╭─ MATERIAL FOR THIS TASK
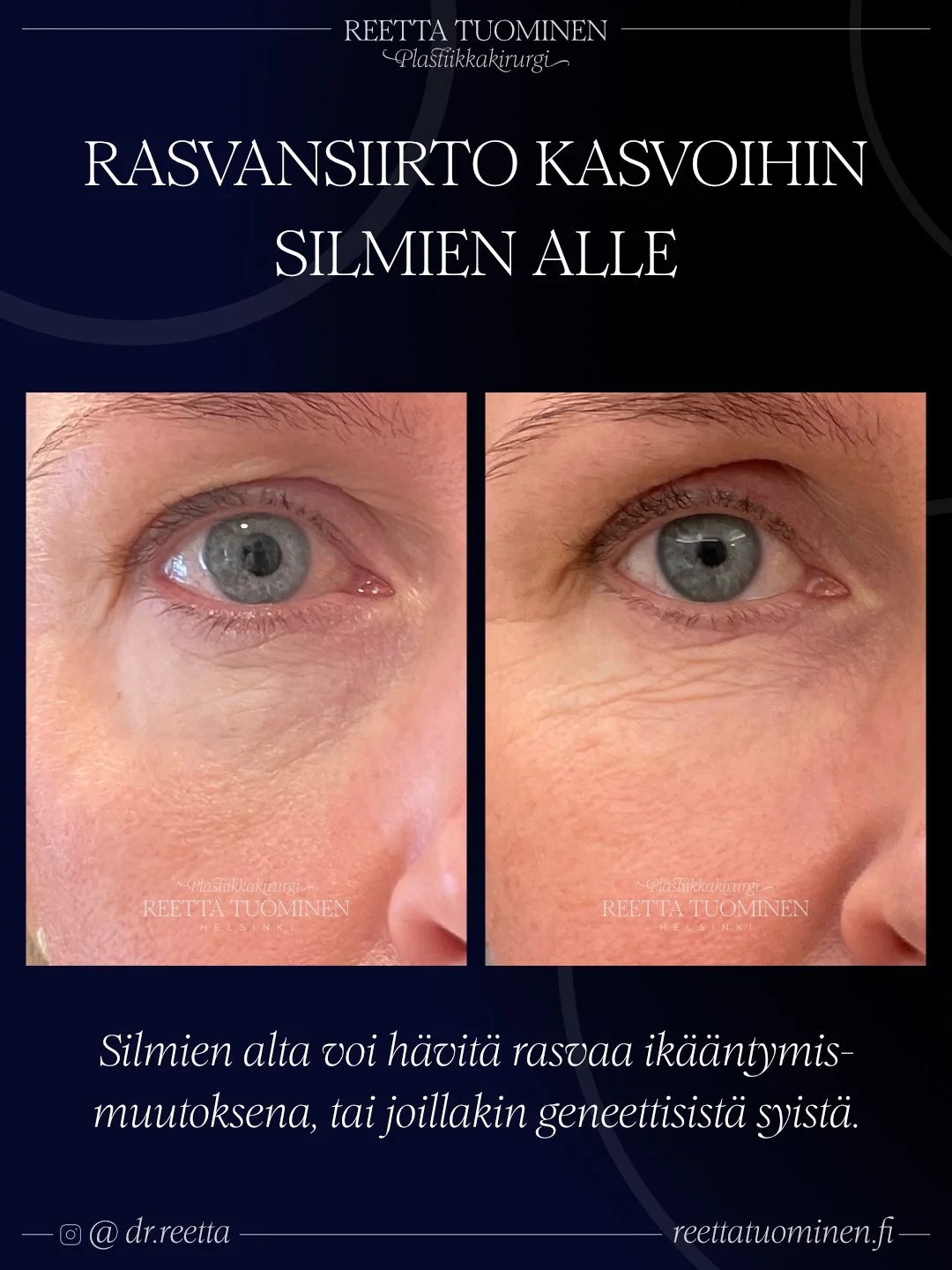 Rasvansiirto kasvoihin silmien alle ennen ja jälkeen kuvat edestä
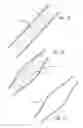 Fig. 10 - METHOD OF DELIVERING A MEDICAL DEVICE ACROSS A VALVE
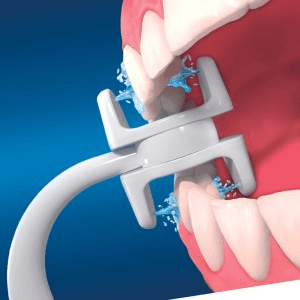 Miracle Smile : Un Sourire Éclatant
╰─
╭─ MATERIAL FOR THIS TASK
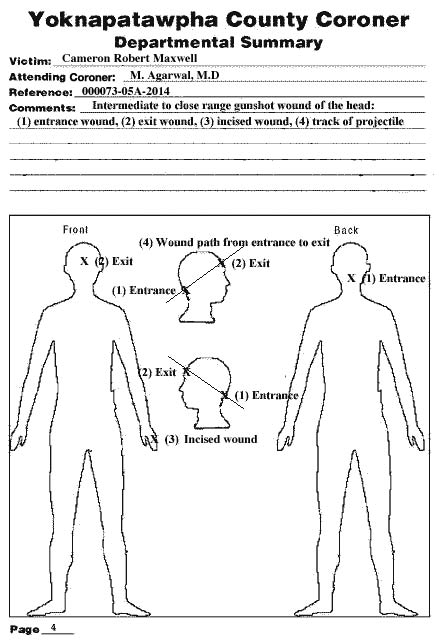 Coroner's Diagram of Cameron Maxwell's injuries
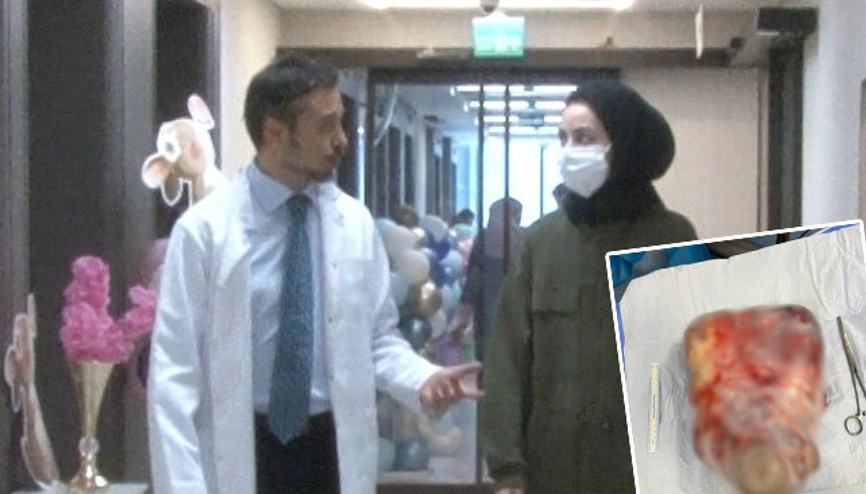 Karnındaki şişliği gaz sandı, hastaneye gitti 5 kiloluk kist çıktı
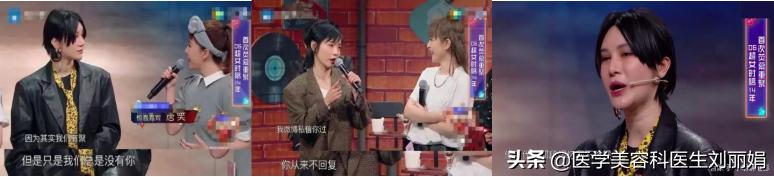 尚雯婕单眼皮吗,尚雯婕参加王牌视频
╰─
YOUR TASK: For this task, return exactly the stretch of the listing above from the line with "Rasvansiirto kasvoihin silmien" through the line with "Miracle Smile : Un Sourire Éclatant", inclusive and without pictures.

SOLUTION TO THIS PROBLEM:
 Rasvansiirto kasvoihin silmien alle ennen ja jälkeen kuvat edestä
 Fig. 10 - METHOD OF DELIVERING A MEDICAL DEVICE ACROSS A VALVE
 Miracle Smile : Un Sourire Éclatant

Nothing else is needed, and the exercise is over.